Powerbeam by Black Label

side cut examples of Black Labels Powerbeam deck technologies

Some Black Label decks have a vertically laminated cored between the other plies. It's one of the stiffest and hardest decks you'll find.

Powerlyte by Santa Cruz

side cut examples of Santa Cruzs Powerlyte deck technologies

Some Santa Cruz decks have a tough fiber reinforced, Kevlar-like, top layer that decreased weight and increases strength.

Texalium by Blind

side cut examples of Blinds Texalium deck technologies

Some Blind decks are made with Texalium. WTF? Yup, it's a composite weave that combines aluminum and epoxy glass in the core of the deck. this allegedly makes the deck twice as strong as the standard 7-ply design.

Uber Light by Almost

side cut examples of Almosts Uber Light deck technologies

Some Almost decks run a price tag of over $100. People bitch about paying $65 for a deck, so this stuff had better be good. Again we have a board whose core is stuffed with a carbon-fiber center to offer a lighter weight and more rigidity & strength.

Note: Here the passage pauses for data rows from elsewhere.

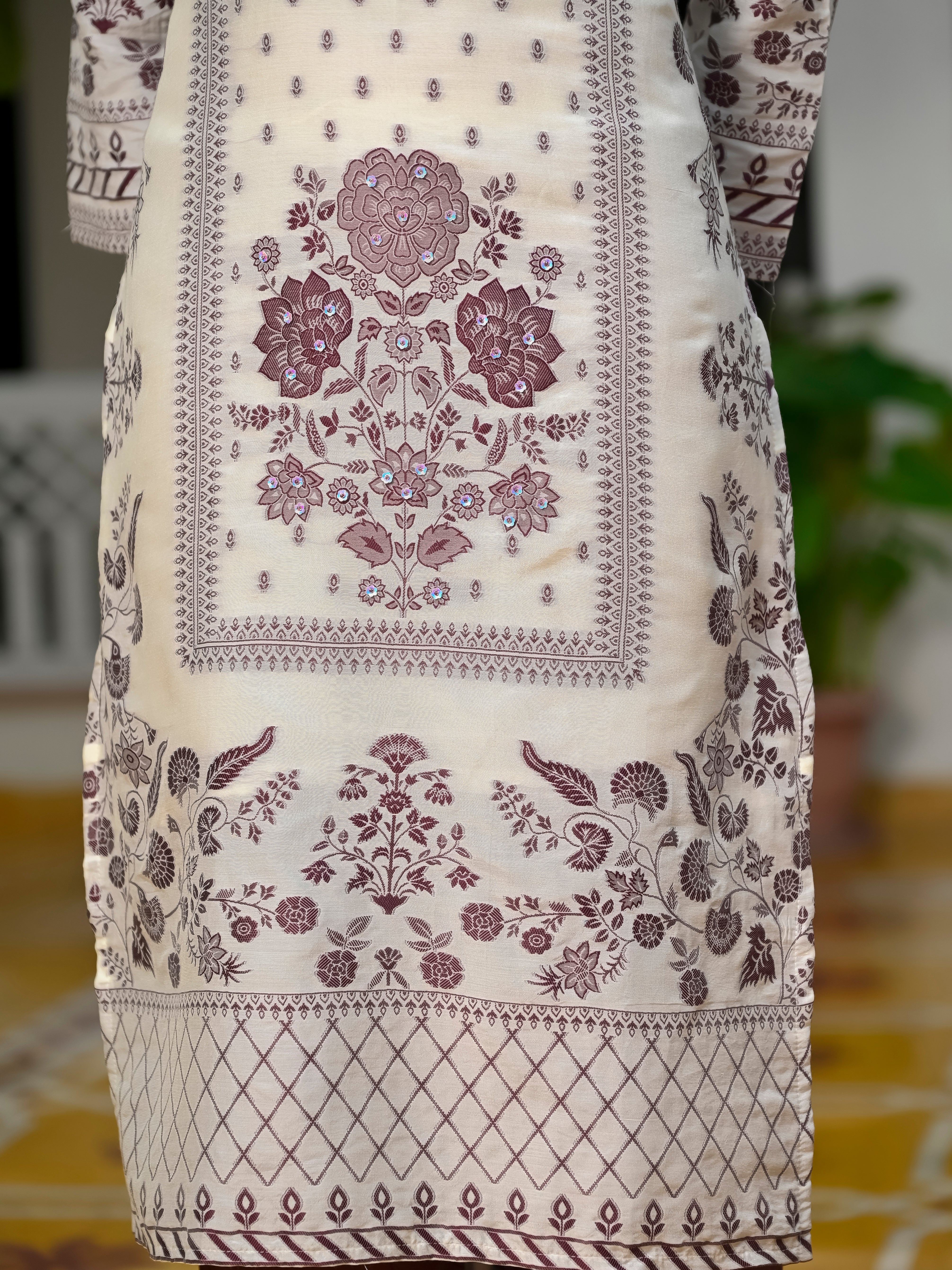Top Fabric- Viscose Muslin Jequred With Handwork Bottom- Viscose Santton Duptta- Viscose Muslin Jequred Duptta Inner- Cotton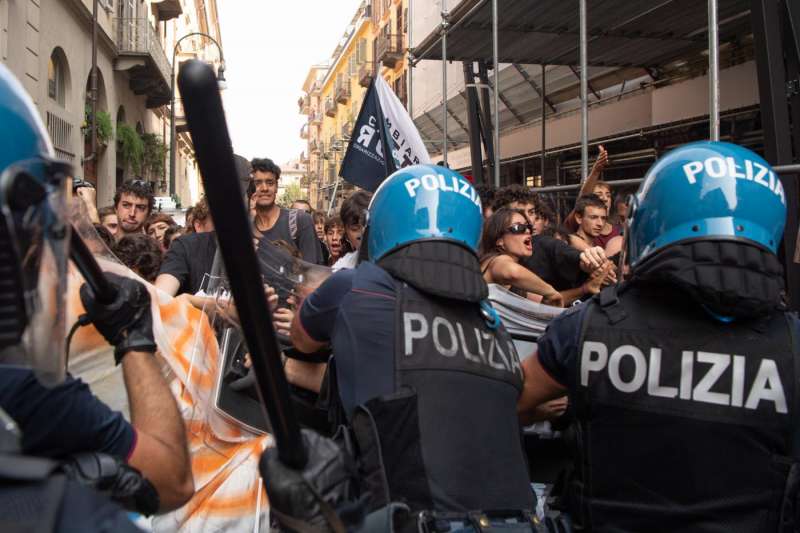 scontri tra polizia e studenti a torino 4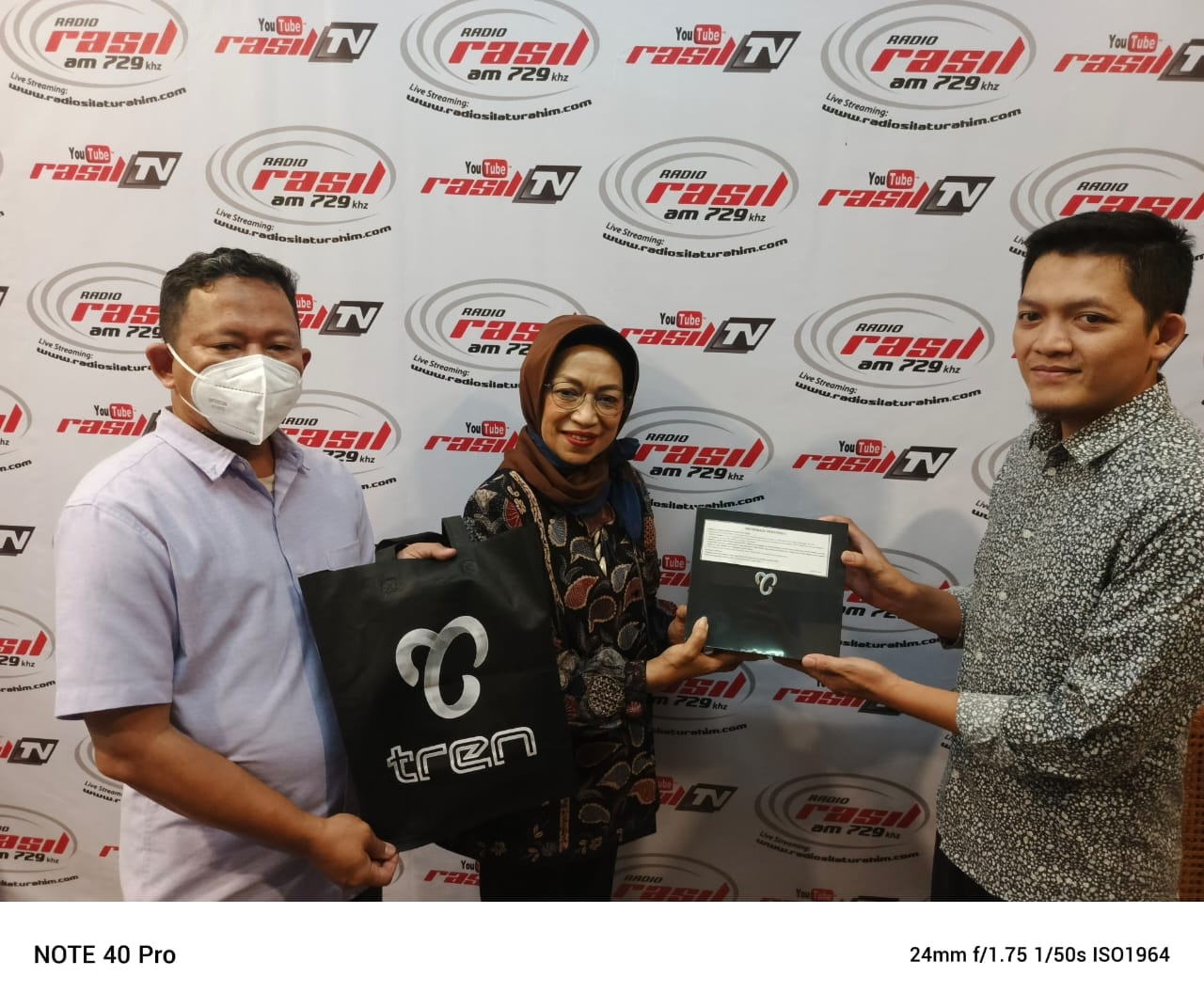 Dukung Dakwah Radio Silaturahim, Mitra Tren Serahkan Modem Internet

Now you may be saying to yourself, "Where have I seen all this before?"
The answer is in the annual Transworld Buyer's Guide. Yep, we shamelessly borrowed text from their R&D department whom I'm sure put in months of analysis to arrive at these daring reviews. Essentially, every company out there wants their decks to be lighter and stronger. Different approaches have been taken, but essentially they stuff something "better" in the core. Good luck with that.